The Curriculum
This page is the one page from Northern Lights - the 6th grade Minnesota Studies textbook - that deals directly with the incarceration at Fort Snelling. There is an abundance of rhetoric that hides true implications of circumstances and conditions of the Dakota incarceration at Fort Snelling. We have included a few below:
-The conditions at Fort Snelling were difficult.
The word difficult is greatly understated. A better word might be terrible or inhumane.
-The Dakota were encamped on the river banks surrounded by a wooden wall.
The word encamped, although technically correct, is also understated. A better word might be imprisoned.
-They were guarded and fed by U.S. soldiers.
The word guarded suggests that the U.S. soldiers’ primary interests were to protect the Dakota against outside forces such as angry mobs. Although this might have been true, they were also monitoring the Dakota, or guarding them in a carceral sense, so that they could not leave.

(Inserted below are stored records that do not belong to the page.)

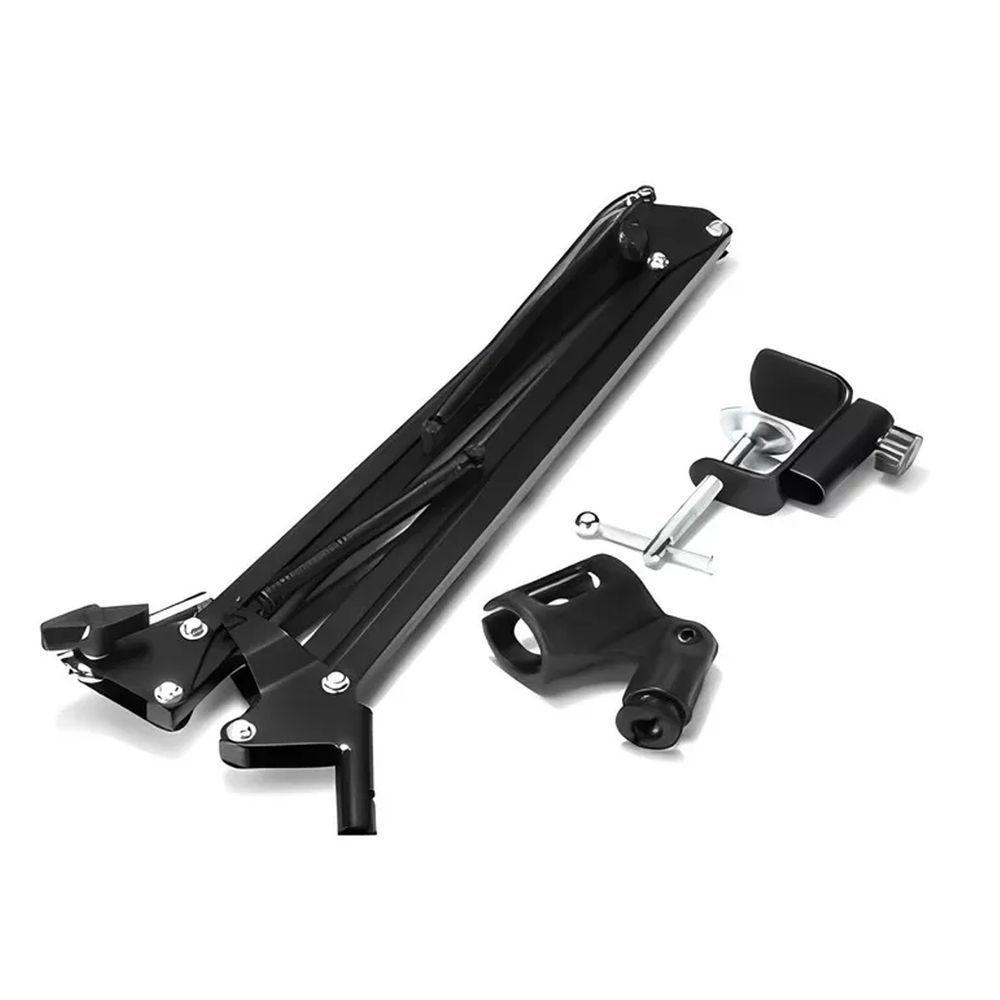 Suporte Pedestal De Microfone Mesa Podcast Transmissao Gravaçao Articulavel Multiuso Resistente Versatil - 3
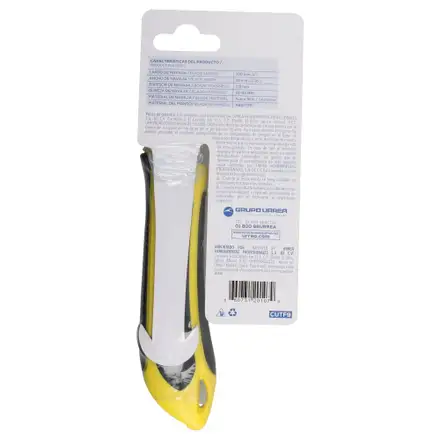 CUTTER CON CUERPO DE PLASTICO DE 18 MM, CAMBIO AUTOMATICO DE NAVAJA, MANGO BIMATERIAL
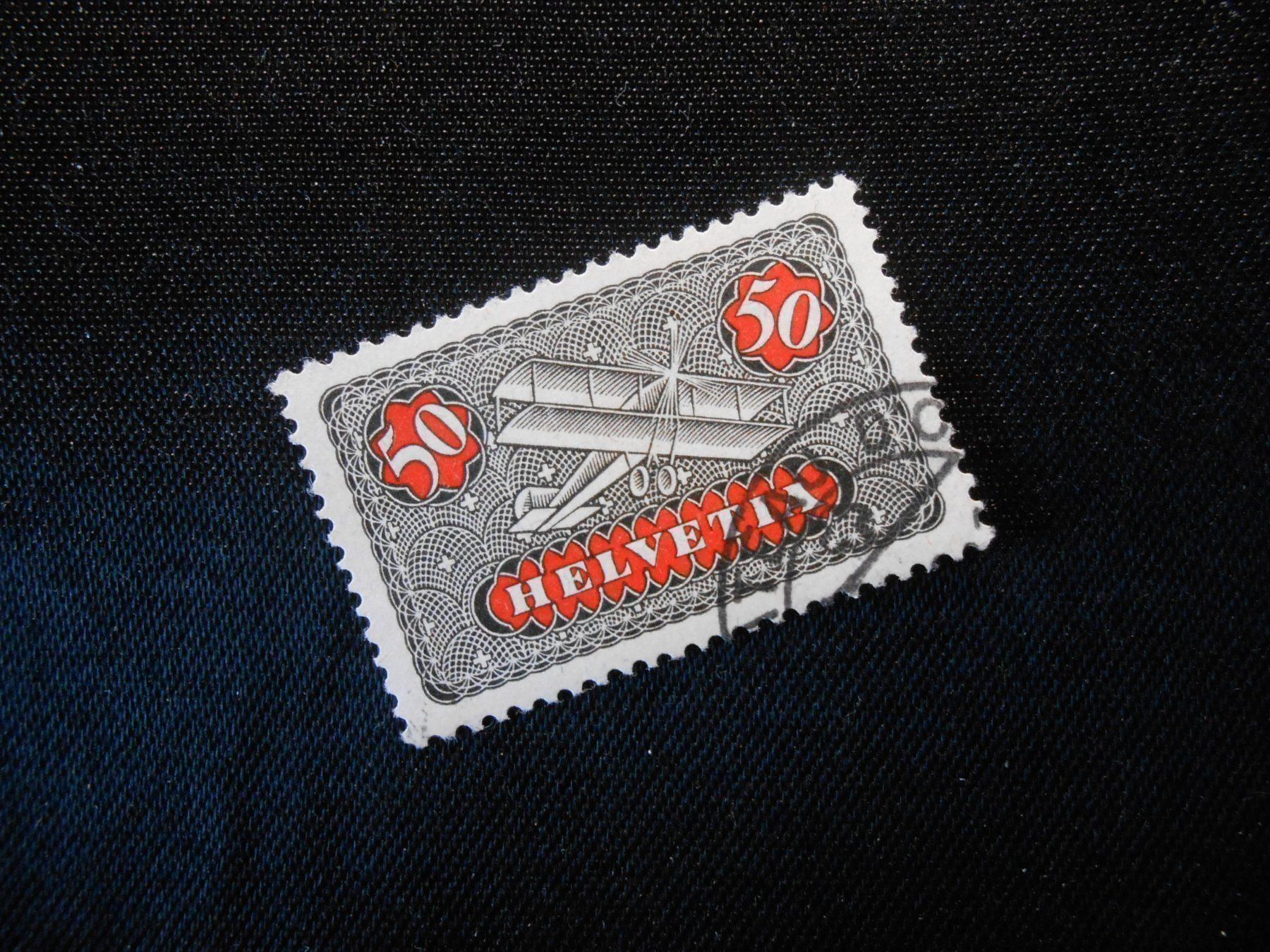Tutti i francobolli: CH  ZNr 9  50C  Flugpost  1923  Z CHF 35 – Usato da Hallwil venduto da pkaiser44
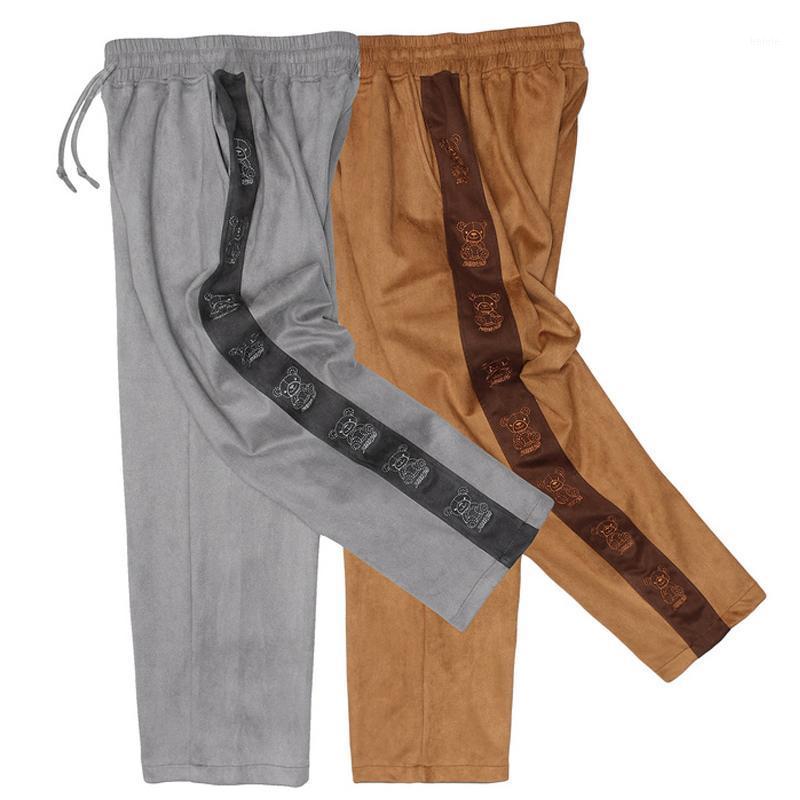 

Men's Pants Mens Bear Embroidery Sweatpants Patchwork Optional Streetwear Casual Trousers Unisex Retro Oversized Baggy Cozy, Black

Typically, guards are not accused of "accidentally" murdering those which they are watching.
All together, there are several things of note which we must address:
- The section about the concentration camp at Fort Snelling is four paragraphs (one page) in length.
- Passive language such as “were guarded” and “were fed” is used persistently in sentences where the Dakota are the subject. This effectively victimizes the Dakota and indirectly places less accountability on the other parties involved.
- The words “died” and “were killed” are used in cases that could be considered murder.